Jesuthasan: As we looked at the various organizations that were driving evidence-based change, the talent and HR implications of their business issues were not the fifth or sixth priority for managers, they were the first or second.
The HR leaders were right there with their CEOs and business leaders, not necessarily formulating strategy, but clearly defining and articulating what would be required of the organization’s talent to execute the strategy.
MonsterThinking: The book talks about the forced distribution model of the 1980s that bucketed employees into a top/middle/bottom percentage. What impact has this model had on employee engagement?
Jesuthasan: The concept of a forced distribution is an interesting one that can be effective in the right situations. It is not appropriate for all companies. To be successful, a forced distribution requires an organization to have a deep pool of highly capable talent that is ready to replace those who may be exited.
This in turn requires an organization to have a strong external brand that ensures the attraction of sufficient numbers of high performers and an internal development architecture; this ensures the readiness of this talent to step into roles that may be vacated.
Very few organizations have the enabling systems that allow a forced distribution to be successful. As a result, the impact on employee engagement can be quite negative.
MonsterThinking: Analytics can enable HR to discern where the biggest return on human capital investment is within the organization. What specific metrics can support these findings?
Jesuthasan: There is no single set of metrics that every HR function should be tracking. Rather, the metrics that HR focuses on should be an outgrowth of the business issue they are trying to address.

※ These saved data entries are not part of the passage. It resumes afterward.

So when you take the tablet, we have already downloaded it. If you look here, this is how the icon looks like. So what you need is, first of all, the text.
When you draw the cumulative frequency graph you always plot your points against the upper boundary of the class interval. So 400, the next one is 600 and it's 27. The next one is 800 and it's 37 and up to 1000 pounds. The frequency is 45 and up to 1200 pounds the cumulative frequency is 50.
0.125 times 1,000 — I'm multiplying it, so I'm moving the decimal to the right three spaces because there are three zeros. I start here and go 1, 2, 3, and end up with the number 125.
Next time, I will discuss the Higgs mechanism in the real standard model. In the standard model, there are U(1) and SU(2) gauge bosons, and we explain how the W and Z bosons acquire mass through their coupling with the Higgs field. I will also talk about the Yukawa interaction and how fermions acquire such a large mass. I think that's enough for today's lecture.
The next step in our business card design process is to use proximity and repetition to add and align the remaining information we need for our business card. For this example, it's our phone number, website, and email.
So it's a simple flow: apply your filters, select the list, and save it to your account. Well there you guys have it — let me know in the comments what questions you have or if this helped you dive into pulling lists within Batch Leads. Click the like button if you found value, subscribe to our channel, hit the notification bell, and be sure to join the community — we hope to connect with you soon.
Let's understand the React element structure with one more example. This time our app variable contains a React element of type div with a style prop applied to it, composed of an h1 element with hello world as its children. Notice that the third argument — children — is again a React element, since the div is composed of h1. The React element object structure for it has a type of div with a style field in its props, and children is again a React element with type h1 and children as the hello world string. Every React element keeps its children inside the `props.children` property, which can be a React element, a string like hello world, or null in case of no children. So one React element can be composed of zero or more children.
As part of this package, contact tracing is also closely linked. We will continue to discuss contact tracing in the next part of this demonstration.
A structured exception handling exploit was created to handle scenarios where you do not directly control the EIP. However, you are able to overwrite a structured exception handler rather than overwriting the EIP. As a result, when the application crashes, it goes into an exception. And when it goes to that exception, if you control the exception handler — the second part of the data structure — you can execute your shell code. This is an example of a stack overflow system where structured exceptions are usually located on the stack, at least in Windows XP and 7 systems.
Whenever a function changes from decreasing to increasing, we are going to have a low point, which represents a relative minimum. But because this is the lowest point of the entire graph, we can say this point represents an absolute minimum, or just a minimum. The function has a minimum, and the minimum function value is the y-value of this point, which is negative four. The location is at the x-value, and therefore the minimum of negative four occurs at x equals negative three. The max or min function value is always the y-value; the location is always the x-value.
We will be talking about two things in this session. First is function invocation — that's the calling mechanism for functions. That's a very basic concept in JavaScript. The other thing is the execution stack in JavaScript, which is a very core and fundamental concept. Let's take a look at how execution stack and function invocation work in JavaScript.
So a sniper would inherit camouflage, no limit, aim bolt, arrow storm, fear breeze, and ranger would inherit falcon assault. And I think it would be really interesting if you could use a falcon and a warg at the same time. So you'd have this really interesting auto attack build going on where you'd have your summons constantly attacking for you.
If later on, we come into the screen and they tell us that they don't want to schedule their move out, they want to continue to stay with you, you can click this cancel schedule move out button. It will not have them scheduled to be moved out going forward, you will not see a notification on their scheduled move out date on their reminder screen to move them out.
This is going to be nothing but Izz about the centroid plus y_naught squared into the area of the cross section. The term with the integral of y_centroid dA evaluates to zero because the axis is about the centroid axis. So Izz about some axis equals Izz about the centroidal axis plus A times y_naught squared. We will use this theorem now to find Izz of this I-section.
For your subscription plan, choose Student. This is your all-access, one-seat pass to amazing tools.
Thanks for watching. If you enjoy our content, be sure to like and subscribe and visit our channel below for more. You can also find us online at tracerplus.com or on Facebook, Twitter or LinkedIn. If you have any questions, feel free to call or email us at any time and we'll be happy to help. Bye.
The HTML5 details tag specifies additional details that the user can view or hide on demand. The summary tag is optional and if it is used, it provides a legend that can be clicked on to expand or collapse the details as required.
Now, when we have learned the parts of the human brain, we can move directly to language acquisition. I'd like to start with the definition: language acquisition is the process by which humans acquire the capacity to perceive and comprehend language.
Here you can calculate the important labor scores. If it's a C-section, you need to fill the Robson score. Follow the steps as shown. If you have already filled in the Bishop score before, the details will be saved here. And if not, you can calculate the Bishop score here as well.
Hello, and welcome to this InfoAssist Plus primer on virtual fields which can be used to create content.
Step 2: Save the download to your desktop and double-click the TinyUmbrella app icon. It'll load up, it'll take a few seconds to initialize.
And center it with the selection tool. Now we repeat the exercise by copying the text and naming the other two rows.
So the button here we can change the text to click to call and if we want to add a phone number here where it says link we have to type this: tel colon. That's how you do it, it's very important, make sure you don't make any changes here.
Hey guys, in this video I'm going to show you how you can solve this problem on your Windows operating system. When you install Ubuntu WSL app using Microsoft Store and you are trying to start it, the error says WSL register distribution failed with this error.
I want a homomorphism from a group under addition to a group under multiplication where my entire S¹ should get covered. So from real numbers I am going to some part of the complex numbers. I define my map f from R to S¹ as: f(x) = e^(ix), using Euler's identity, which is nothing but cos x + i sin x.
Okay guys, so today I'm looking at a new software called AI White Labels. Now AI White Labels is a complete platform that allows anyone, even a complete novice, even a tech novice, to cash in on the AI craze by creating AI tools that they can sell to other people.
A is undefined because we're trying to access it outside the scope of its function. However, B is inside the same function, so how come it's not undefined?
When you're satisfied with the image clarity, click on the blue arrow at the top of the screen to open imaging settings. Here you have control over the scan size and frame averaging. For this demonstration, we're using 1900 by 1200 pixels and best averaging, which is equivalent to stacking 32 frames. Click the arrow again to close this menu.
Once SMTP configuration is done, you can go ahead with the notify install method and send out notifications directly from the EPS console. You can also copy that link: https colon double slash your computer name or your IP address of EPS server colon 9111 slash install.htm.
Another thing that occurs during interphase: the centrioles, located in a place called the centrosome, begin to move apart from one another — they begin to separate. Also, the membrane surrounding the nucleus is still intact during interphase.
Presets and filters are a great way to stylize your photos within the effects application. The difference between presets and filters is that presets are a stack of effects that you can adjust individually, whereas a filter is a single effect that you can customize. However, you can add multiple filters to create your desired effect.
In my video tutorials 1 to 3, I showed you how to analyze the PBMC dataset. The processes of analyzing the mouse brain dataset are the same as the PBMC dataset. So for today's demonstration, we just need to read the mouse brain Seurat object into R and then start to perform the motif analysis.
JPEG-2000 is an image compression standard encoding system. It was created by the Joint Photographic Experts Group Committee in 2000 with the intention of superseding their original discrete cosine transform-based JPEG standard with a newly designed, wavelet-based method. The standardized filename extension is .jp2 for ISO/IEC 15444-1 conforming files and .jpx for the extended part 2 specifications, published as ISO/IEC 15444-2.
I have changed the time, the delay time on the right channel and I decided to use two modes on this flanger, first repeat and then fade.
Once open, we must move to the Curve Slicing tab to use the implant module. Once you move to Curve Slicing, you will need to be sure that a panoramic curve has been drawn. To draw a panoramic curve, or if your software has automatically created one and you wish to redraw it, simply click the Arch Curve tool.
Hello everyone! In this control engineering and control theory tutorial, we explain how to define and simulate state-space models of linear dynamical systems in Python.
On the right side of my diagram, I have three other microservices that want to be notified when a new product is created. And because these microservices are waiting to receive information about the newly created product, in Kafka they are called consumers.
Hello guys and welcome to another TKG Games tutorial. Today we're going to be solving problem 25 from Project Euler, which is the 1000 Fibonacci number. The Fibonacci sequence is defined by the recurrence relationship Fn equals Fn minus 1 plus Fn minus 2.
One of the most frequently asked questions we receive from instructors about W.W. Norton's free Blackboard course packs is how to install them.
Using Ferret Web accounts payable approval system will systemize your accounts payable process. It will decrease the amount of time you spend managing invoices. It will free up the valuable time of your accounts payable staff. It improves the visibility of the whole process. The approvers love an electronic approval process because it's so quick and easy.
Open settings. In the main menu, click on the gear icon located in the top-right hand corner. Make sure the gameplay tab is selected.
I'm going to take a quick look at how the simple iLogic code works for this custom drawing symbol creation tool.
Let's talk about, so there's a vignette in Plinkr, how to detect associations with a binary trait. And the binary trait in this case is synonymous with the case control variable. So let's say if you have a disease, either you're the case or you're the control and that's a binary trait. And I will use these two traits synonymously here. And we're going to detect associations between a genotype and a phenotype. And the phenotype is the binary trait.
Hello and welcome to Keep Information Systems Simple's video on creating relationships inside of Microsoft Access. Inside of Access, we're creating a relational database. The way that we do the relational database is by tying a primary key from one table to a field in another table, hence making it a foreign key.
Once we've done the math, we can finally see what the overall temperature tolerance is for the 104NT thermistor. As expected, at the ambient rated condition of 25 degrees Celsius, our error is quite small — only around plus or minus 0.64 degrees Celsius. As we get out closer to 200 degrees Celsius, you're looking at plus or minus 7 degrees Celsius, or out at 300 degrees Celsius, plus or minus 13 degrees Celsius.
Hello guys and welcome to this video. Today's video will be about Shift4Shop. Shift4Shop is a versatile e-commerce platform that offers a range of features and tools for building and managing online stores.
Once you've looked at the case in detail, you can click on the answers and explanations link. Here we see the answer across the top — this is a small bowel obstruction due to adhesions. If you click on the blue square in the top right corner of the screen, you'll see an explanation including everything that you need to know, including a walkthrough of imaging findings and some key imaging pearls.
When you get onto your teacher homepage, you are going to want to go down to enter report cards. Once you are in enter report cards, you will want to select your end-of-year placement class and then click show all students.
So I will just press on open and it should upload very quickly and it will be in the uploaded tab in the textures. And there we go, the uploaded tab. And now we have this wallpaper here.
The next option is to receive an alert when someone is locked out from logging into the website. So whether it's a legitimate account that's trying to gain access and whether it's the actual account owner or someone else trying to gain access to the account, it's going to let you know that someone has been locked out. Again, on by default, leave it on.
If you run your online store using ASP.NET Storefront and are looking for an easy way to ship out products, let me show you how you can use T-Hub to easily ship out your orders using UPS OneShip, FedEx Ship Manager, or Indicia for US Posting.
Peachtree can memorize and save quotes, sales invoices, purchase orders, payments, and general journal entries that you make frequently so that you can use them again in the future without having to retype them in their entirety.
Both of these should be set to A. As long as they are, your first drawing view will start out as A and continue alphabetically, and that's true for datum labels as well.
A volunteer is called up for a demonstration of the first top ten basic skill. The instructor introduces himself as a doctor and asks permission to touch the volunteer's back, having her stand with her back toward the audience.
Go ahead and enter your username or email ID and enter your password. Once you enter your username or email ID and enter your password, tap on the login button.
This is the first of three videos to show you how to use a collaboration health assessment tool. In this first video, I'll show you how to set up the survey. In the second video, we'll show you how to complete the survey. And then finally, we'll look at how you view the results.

HR’s ability to continually trace a specific people outcome to a business outcome is essential.
MonsterThinking: What is the risk for HR departments that don’t incorporate analytics into their findings?
Jesuthasan: In an uncertain world, organizations are going to continually look for opportunities to reduce their cost structure and earn a high return on all the capital in the business, including human capital.
As labor costs often represents the single largest expense for most organizations, business leaders will increasingly look for evidence of a return. HR’s ability to not just show data but demonstrate how their investments in the workforce are addressing specific business issues will be essential.
Having the right analytics and the ability to use them to tell business leaders a story that motivates action will be critical.
MonsterThinking: Would you agree with author Edward Lawler (Management Reset: Organizing for Sustainable Effectiveness, Jossey-Bass, 2011) when he says, “HR has to decide which is worth more — the person or the job — and recognize situations in which having an exceptional employee will provide a big payoff for the company.”
Jesuthasan: Ed is absolutely right. John and I discuss the concept of demand-side segmentation and draw Return on Improved Performance curves for a couple of alternative roles at an airline in Chapter 2 of our book.
Drawing the curves enables organizations to see where higher levels of performance really do make a difference and where “good enough” is in fact good enough.
MonsterThinking: Any final words of advice for HR leaders who are fighting old notions about the role and capability of HR to innovate and lead?
Jesuthasan: I would encourage them to emulate the three attributes we saw consistently demonstrated by the great HR leaders in the companies we profiled: courage, boundary-lessness and business-mindedness.